[Supplied material]
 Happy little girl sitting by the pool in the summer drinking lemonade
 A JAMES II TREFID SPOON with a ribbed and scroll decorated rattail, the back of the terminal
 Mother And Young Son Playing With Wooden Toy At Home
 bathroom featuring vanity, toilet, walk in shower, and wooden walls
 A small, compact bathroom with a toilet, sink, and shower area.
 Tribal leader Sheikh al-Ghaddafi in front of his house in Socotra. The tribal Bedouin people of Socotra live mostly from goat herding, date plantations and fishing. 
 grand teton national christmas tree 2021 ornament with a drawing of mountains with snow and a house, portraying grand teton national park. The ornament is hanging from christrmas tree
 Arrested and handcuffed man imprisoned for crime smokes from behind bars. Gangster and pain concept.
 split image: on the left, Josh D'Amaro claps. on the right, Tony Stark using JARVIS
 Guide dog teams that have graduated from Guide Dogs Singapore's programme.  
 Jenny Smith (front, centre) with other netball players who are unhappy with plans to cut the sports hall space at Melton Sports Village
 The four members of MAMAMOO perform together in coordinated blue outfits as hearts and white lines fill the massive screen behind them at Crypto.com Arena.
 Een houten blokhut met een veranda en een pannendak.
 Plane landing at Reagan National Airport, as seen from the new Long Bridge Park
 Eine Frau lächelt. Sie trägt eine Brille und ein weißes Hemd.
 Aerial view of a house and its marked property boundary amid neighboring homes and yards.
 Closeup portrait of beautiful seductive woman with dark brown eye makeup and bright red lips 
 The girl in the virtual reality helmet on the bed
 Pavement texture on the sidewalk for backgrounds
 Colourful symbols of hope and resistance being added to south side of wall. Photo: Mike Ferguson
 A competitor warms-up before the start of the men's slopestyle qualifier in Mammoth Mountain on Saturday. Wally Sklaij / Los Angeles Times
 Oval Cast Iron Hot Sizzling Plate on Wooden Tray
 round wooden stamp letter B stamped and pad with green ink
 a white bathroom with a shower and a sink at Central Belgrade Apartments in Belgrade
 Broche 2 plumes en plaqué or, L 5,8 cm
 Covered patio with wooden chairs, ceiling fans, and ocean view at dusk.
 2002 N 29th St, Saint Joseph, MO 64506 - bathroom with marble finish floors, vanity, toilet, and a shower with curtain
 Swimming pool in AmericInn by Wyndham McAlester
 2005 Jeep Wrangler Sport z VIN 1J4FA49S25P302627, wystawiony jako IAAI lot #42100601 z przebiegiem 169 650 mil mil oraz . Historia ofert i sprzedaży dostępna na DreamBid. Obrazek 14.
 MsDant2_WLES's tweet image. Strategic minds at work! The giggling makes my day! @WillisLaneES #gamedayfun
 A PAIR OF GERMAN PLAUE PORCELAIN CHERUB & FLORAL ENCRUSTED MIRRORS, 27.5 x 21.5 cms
[/Supplied material]
Scan the data for the word "toilet" and copy every line where it shows up.

 bathroom featuring vanity, toilet, walk in shower, and wooden walls
 A small, compact bathroom with a toilet, sink, and shower area.
 2002 N 29th St, Saint Joseph, MO 64506 - bathroom with marble finish floors, vanity, toilet, and a shower with curtain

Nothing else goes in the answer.